Between 1986, when the disease was first identified, and November 1995, there have been 154,592 cases of the disease in the British national herd of 12 million animals.

In the Republic there were 15 cases in 1989; 14 in 1990; 17 in 1991; 18 in 1992; 16 in 1993; 19 in 1994; 16 in 1995; and nine so far in this year.

Of those cases, 15 were imported from Britain or Northern Ireland and one case occurred in an animal which was brought in from Denmark.

The majority of cases were identified in dairy herds, which accounted for 83 of the cases, with 19 cases identified in suckler herds and 20 in mixed dairy and other herds.
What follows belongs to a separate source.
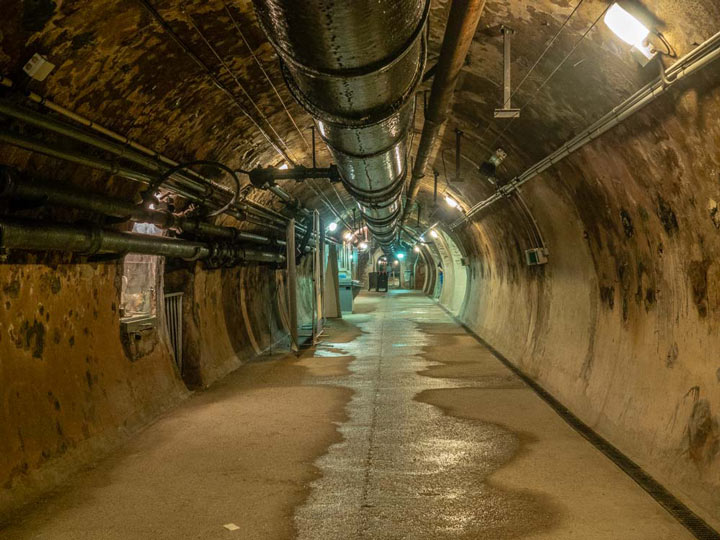 Interior of Paris Sewer Museum tunnel with wet floor and dim lights.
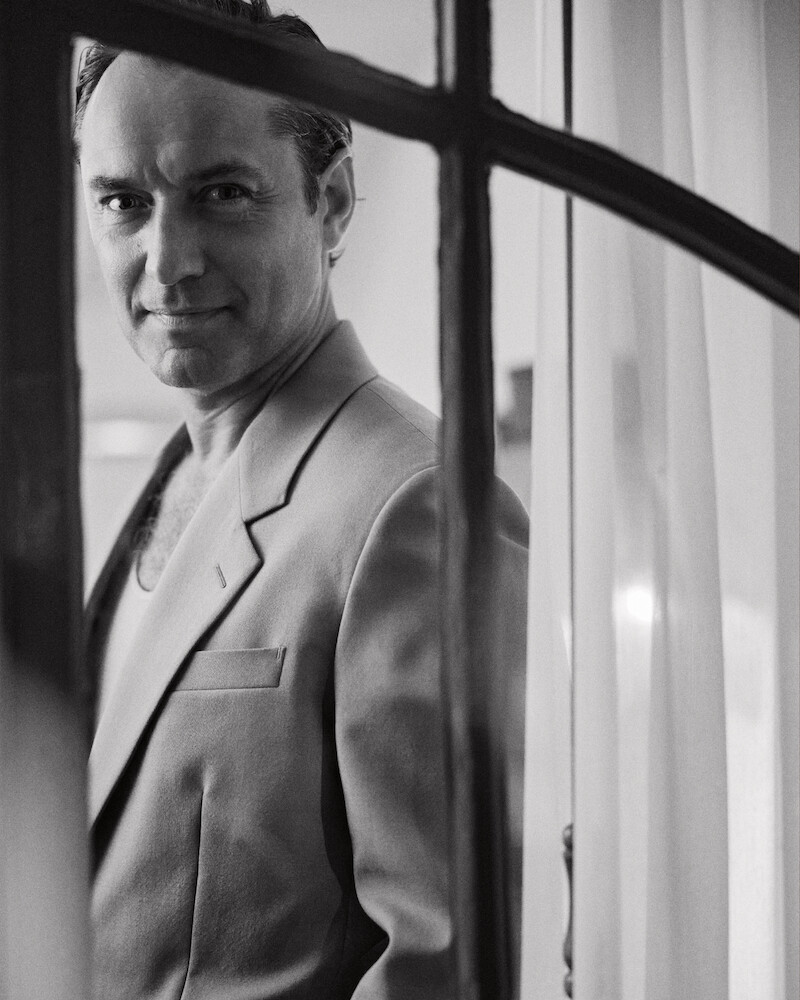 Man in a suit stands indoors by a window with sheer curtains, looking at the camera, captured in black and white with soft natural lighting.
While it is clear that we certainly do not have a problem which is in any way comparable to Britain's, there is still the problem that all beef producers face, that beef consumption is dropping all over the developed world.

It is also clear that in order to promote Irish beef as being non British, Irish marketeers would have to indulge in a very negative campaign which would once again highlight a problem in beef, i.e. BSE.

In a sensitive Europe this is no the road to travel. However, by pointing out the good environmental conditions in which our animals are raised, our grass based system of production and very low levels of BSE, our markets can be defended.

The Food Board has a major task its hands and will need the resources to carry it out.